- [Work task]: Copy the data precisely, character for character, and leave out every picture.

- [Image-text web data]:
━━━━━━━━━━━━━━━━━━━━

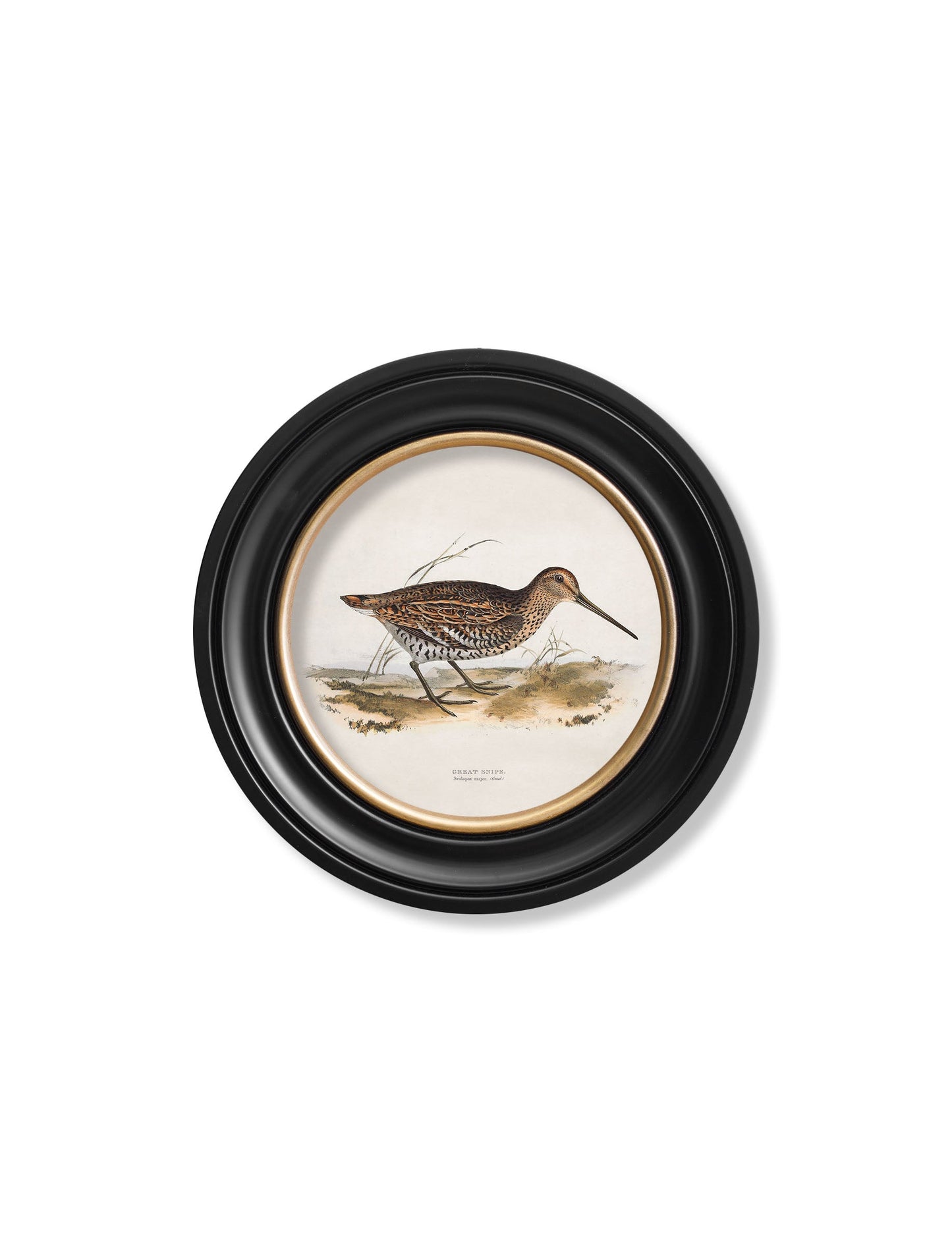 c 1837s british game birds round in size 44 x 44cm - glass-fronted framed wall art print with solid wood frame, luxury wall art for sophisticated spaces
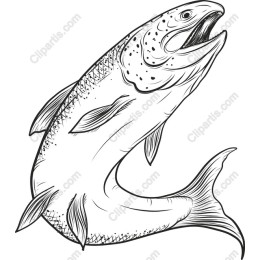 Leaping Trout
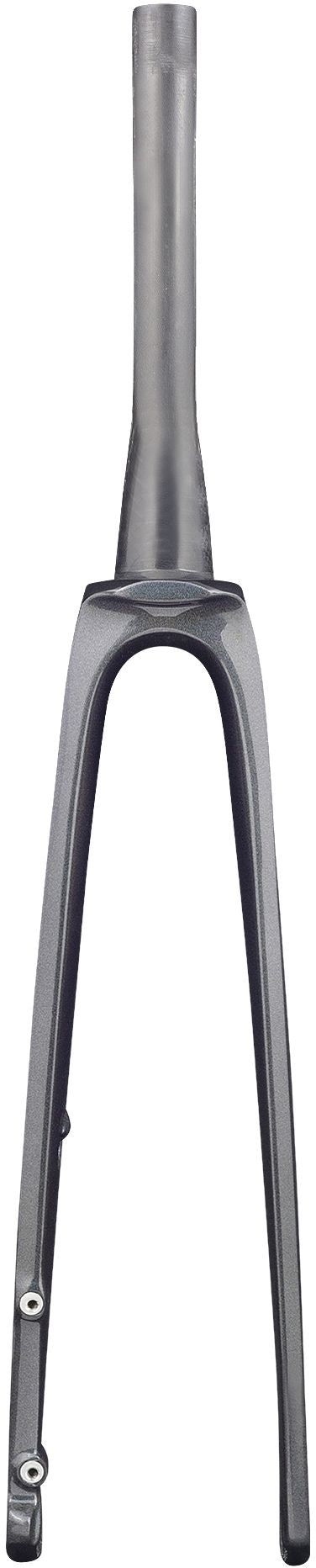 Trek 2021 Madone SLR Fork-Dark Prismatic-230mm-45mm-W5271457Q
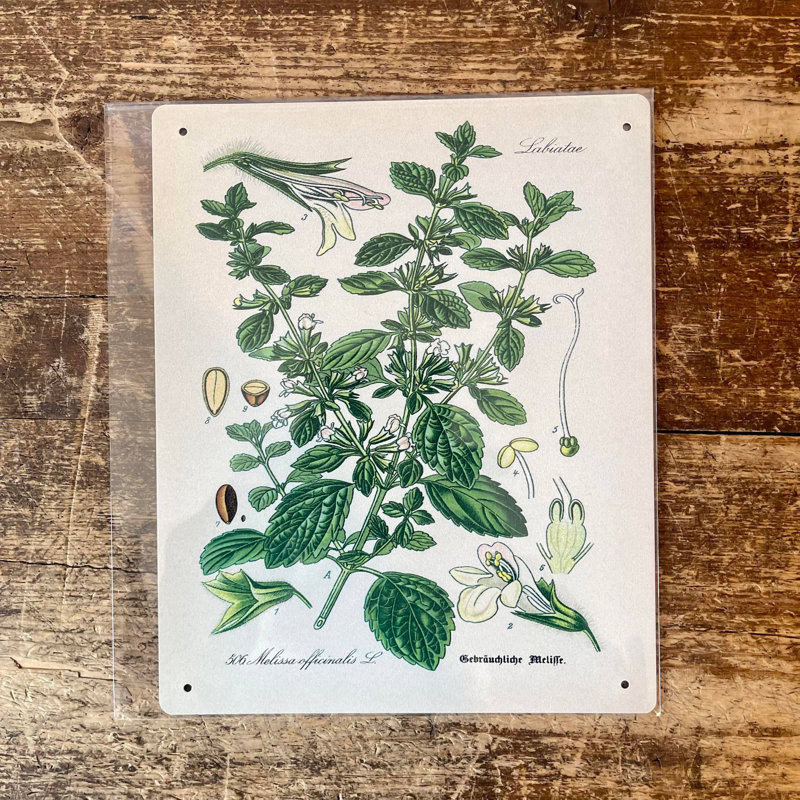 Plants & Flowers Wall Decor on Metal, 25cm H x 20cm W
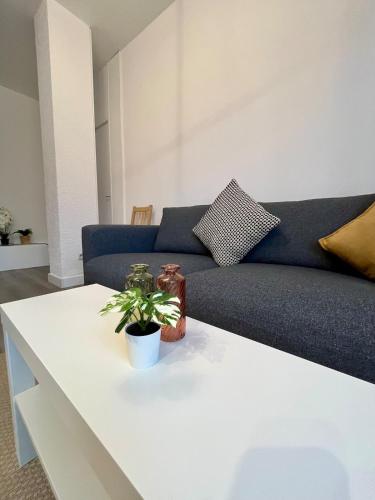 Superbe T2 à 15 min de Lyon Superbe T2 à 15 min de Lyon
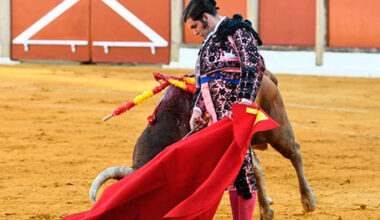 Pues ahora mandan los del arte – Avance Taurino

━━━━━━━━━━━━━━━━━━━━

- [The completed task]:
 c 1837s british game birds round in size 44 x 44cm - glass-fronted framed wall art print with solid wood frame, luxury wall art for sophisticated spaces
 Leaping Trout
 Trek 2021 Madone SLR Fork-Dark Prismatic-230mm-45mm-W5271457Q
 Plants & Flowers Wall Decor on Metal, 25cm H x 20cm W
 Superbe T2 à 15 min de Lyon Superbe T2 à 15 min de Lyon
 Pues ahora mandan los del arte – Avance Taurino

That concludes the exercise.